Ground truth nose Ground truth nose

This yielded the following results for bad predictions. The reason is probably that the photo includes more unusual postures in the second picture since they have their mouth open. Additionally, on the left picture, the person's head is tilted a little downward. This makes that the shadow/pointy object closest to the center is his cheekbone hence it being classified as the nose.

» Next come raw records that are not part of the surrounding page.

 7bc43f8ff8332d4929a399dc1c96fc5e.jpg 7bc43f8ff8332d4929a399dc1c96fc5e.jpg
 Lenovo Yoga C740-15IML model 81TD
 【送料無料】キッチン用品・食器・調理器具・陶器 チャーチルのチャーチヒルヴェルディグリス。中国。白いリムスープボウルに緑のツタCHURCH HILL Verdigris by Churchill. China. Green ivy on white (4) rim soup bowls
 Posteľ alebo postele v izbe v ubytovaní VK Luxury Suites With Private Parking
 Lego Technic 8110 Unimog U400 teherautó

Ground truth nose Ground truth nose

Facial Keypoints Detection

The second part of the project involved creating a facial keypoint detection algorithm. Here we were tasked to create a detection algorithm for all of the keypoints on the smaller set. One of the differences with the previous part is that data augmentation has been performed to increase accuracy. The following augmentations have been added:
  • Randomized Rotations between -10 and 10 degrees
  • Uniform odds of mirrored image
  • Translations from -10 to 10 both in the x and y dimensions
  • Brightness noise (Normally distributed with mean 0 and sd 1/256), also known as Jitter
Here is one sampled image that shows the augmentation. In this situation, we see the added granularity due to the added jitter, the mirror image, rotation as well as translation down.

Original Picture

The architecture of the CNN has been established through trial and error. First, I created a six hidden-layer Neural Network followed by two fully connected layers. Each hidden layer used to have a maxpool (2,2) and a ReLu. The convulution themselves had a kernel size of (7,7), (5,5) initially and the rest being (3,3). This however, did not turn out great since the output values for the last FC layers had a small dimensionality. I removed the sampling from the last three layers. The output sizes of each layer being 40 to 60, 100, 120, 140, 140 respectively with kernel sizes of (7,7) for the first layer and (3,3) for the rest. This finally yielded best results with train MSE of ===Train MSE=== 0.000177. The learning rates have been swept through a range of [0.00001, 0.0001, 0.001, 0.01, 0.1], and I manually determined that an alpha of 0.001 yielded the lowest MSE. The final used hyperparameters are 0.01 learning rate, a 2 batch size (since the dataset is small anyway and have turned out to give best results) and Adam as optimizer.
Training and testing error from using a 0.01 learning rate over 25 epochs
Finally, we got the following predictions from running the CNN on the test set. The dots in red are the real landmarks and green are the predicted landmarks. Correct Predictions:
Incorrect Predictions Here we see that for the left person, perhaps the eyes were misaligned and therefore the whole face was compressed inaccurately. For the person on the right, the open mouth, might have caused the neural network to be confused since in most of the training set there are not many people with open mouths from which it could learn the specified landmark structures. Lastly, it is worth nothing that normally Neural Networks ought to be run on large datasets to account for these kind of deviations.
These are the 40 convolution (7x7) convolution filters from hidden layer 1 that were outputted. Interpretation is extremely hard obviously, but we can see through the first example that the convolution filter marks the following features:

Full Training Data: Facial Keypoints Detection

Please note that from this point onward, I decided to use the MAE (L1-loss) since we are optimizing for that in the Kaggle competition. Additionally, since I jumped from part (i) to this part, I had not normalized the points and therefore the loss values are in a significantly higher order. For the last part, I used a ResNet18. Residual Nets are basically Neural Networks that make hops from layers to layers and skip certain hidden layers. The specific, kind that I implemented is the standard ResNet18. The benefits from ResNets is that they essentially simplify the network and use the few layers in the initial training stages.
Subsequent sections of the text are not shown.